Ir’s only for the API call, Jon.

Bob Ciotti has chimed in on 2 additional types of action for pbs_release_nodes he’d like to see:

  1. Support specifying the number of nodes that should be kept.

  2. Support specifying a select statement that is a subset of the job in its current form.

These provide a more natural expression of what to keep in the job. The select statement, in particular, will allow users to not have to play games w/ parsing PBS_NODEFILE or job attributes to know which nodes they want to keep or toss.

Interesting…so something like
pbs_release_nodes -k <‘number_of_sister_nodes’>

which requests the release of <‘number of nodes’> - 1 sister nodes. I’ll have to check to make sure <‘number_of_nodes’> is not more than the actual number of nodes assigned to the job not including the mother superior node.

I’m confused with the ‘select’ part. Can you give me an example?

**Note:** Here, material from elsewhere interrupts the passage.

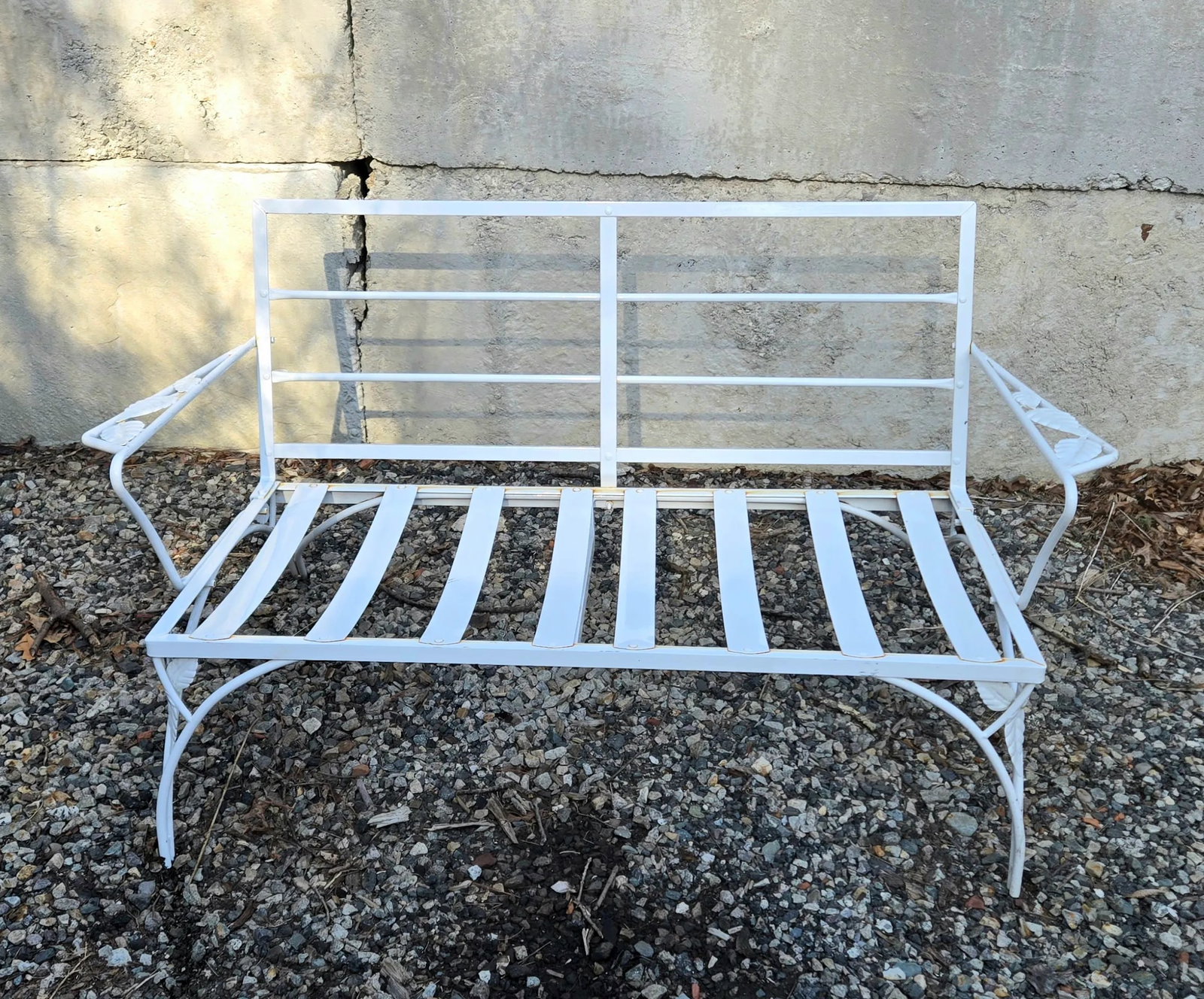Vintage Wrought Iron Outdoor Patio Loveseat/Settee - 2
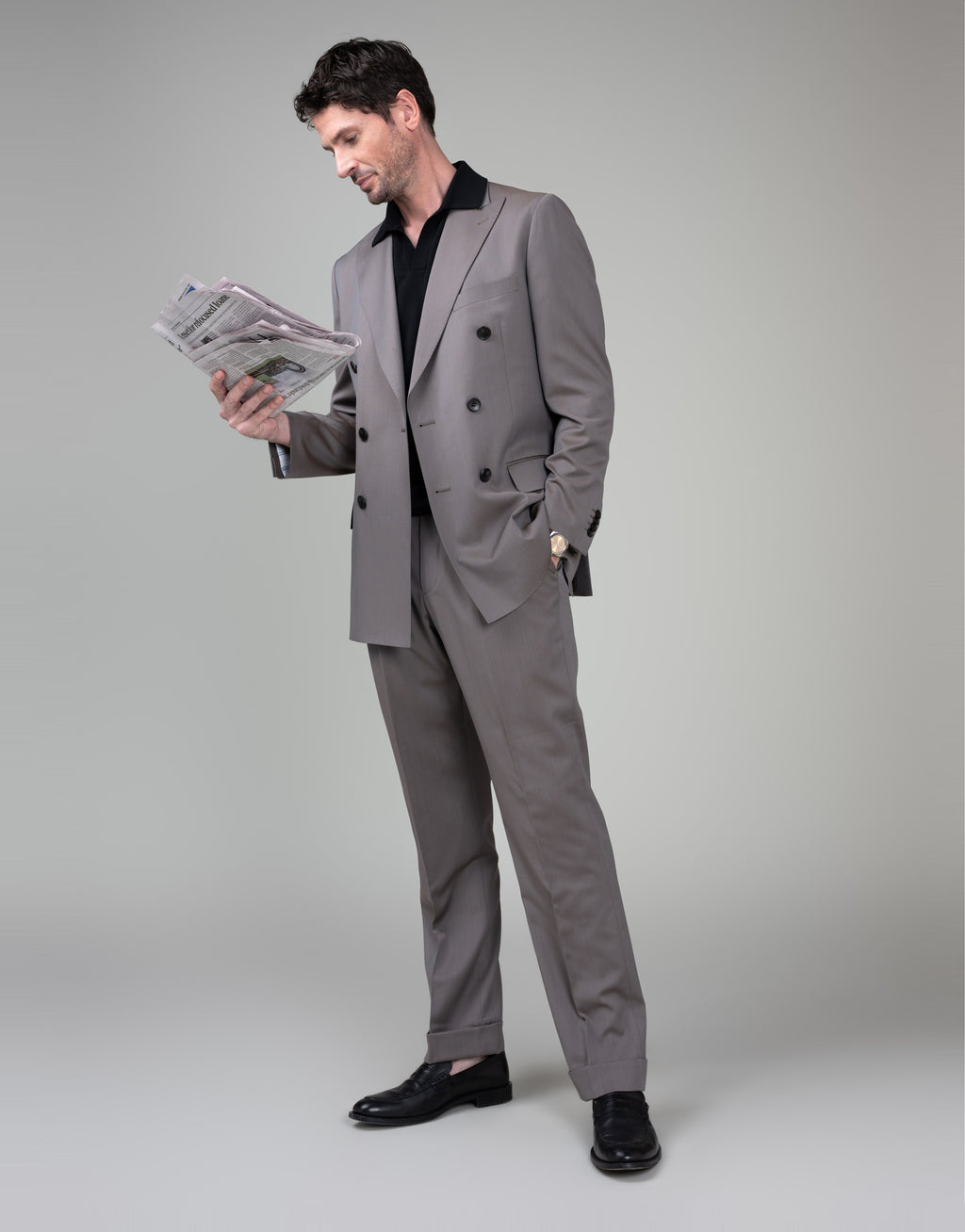 Doppio Brown Solaro Double Breasted Jacket - full length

Suppose I get a job by asking for:

qsub -l select=15:model=abc:mpiprocs=5+4:model=abc:bigmem=true:mpiprocs=1+30:model=def:mpiprocs=32

Then I want to release most of the nodes, but keep 2 of the non-bigmem abc nodes, and 2 of the bigmem abc nodes. It’d be much easier for the user to provide a new select statement:

pbs_release_nodes -k select=2:model=abc:mpiprocs=5+2:model=abc:bigmem=true:mpiprocs=1

than to have to determine via PBS_NODEFILE/qstat/pbsnodes which nodes have to be individually specified to pare back the job to that smaller select statement description.

I see, now I understand. I can see how this is a good addition to release nodes feature.

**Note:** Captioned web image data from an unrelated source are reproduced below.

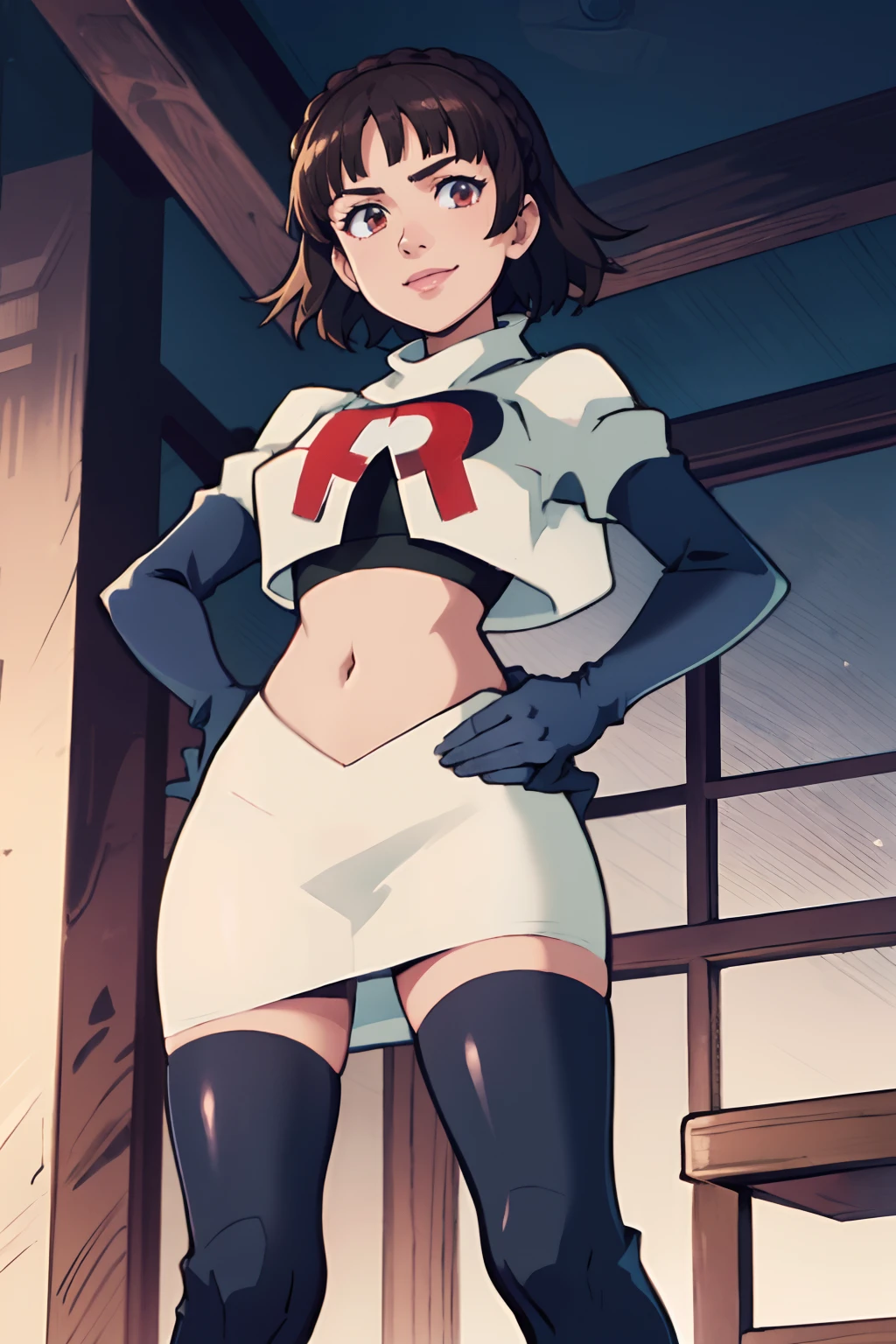 makoto nijima, blunt bangs, braid, brown hair, crown braid, team rocket uniform, red letter R, white skirt,white crop top,black thigh-highs,black elbow gloves, confident smile, looking down on viewer, hand on hip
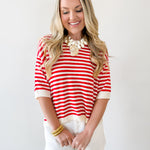 Stripe Contrast Knit Top - Red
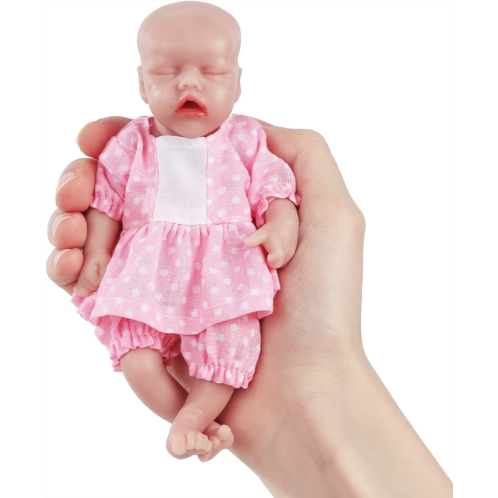Vollence 6.5 inch Mini Asleep Full Silicone Baby Dolls That Look Real Girl,Not Vinyl Dolls,Small Realistic Soft Silicone Miniature Tiny Baby Doll Stress Relief Childrens Day Gifts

Thanks Greg and Al, I have filed PP-724 and PP-725 to capture these new user stories. Do we all agree that these proposed capabilities should be looked at as possible future enhancements, rather than extending the work currently being done for PP-339 and PP-647?

It’s fine with me…

Let’s assume for now they are future enhancements, and we can clarify with Ciotti at the next Altair/NAS meeting.

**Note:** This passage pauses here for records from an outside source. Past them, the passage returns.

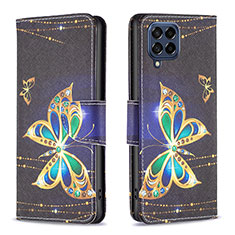 Leather Case Stands Fashionable Pattern Flip Cover Holder B03F for Samsung Galaxy M53 5G Black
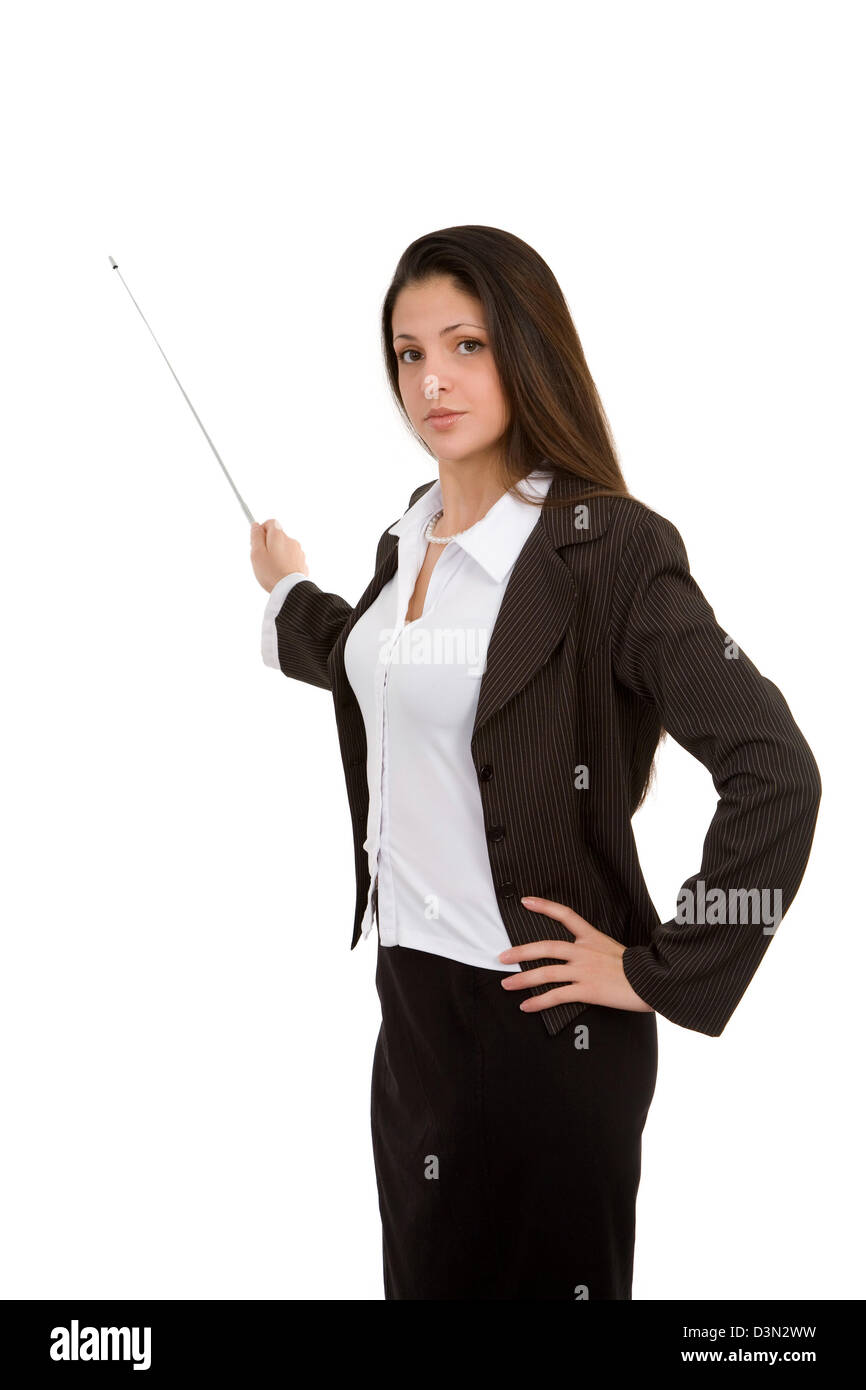 woman with pointer giving presentation on white background Stock Photo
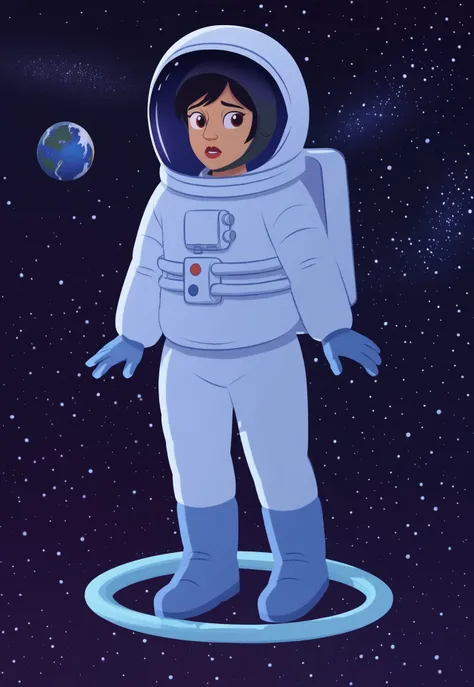 (zPDXL3) source_cartoon, handsfree, Perfect Hands, full body, 1girl, solo, looking at viewer , 
mari_lopez, black hair, short hair, spacesuit,  astronaut, space helmet, gloves, space , floating in space, planet, tiny moon, nebula,
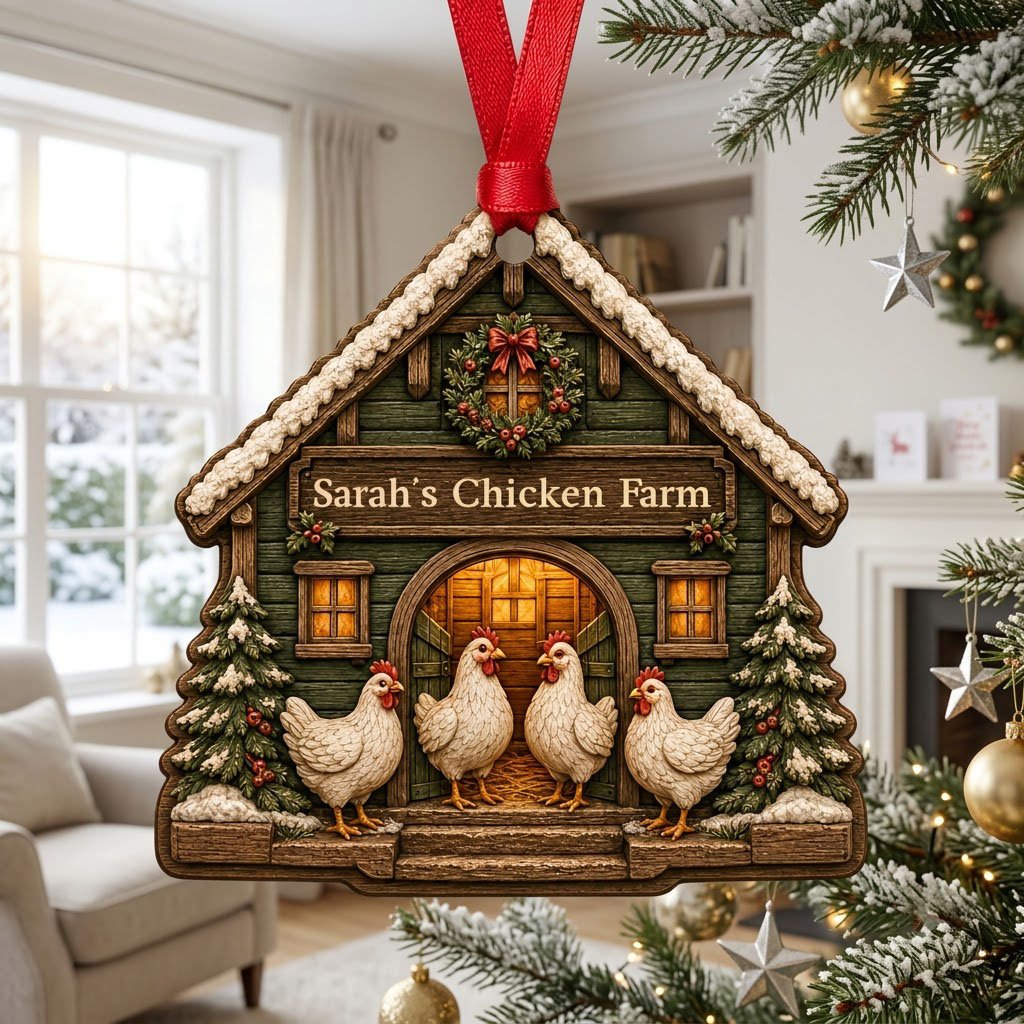 Personalized Winter Chicken Coop Wood Ornament, Custom Farmhouse Keepsake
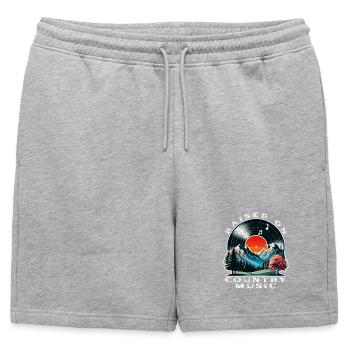 Élevé sur la Country Music - Short de survêtement homme premium - gris chiné - Devant - AI Model Male 178 light (178cm)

I just updated the node ramp down design document. It’s now v18.You might want to go to “Page History” and compare v.15 against v.18 (current). It just contains some minor update to output of some examples, also the error message to doing pbs_release_nodes of a cpuset node or a Cray XC node is changed slightly to be more consistent with format in other commands. Finally, I’ve added a new private, experimental server attribute to allow showing in qstat -f the values of internal attributes created by PBS server in order to implement this feature. The option is just an aid in debugging PBS.

Node Ramp Down Design

Looking to the future, we are likely to want to support adding resources to a job (in addition to releasing resources). To extend PBS Pro to add resources to jobs (in the future), it would be valuable to design this feature (today) to be easily extendable (syntax and accounting) and to fit naturally with that future direction.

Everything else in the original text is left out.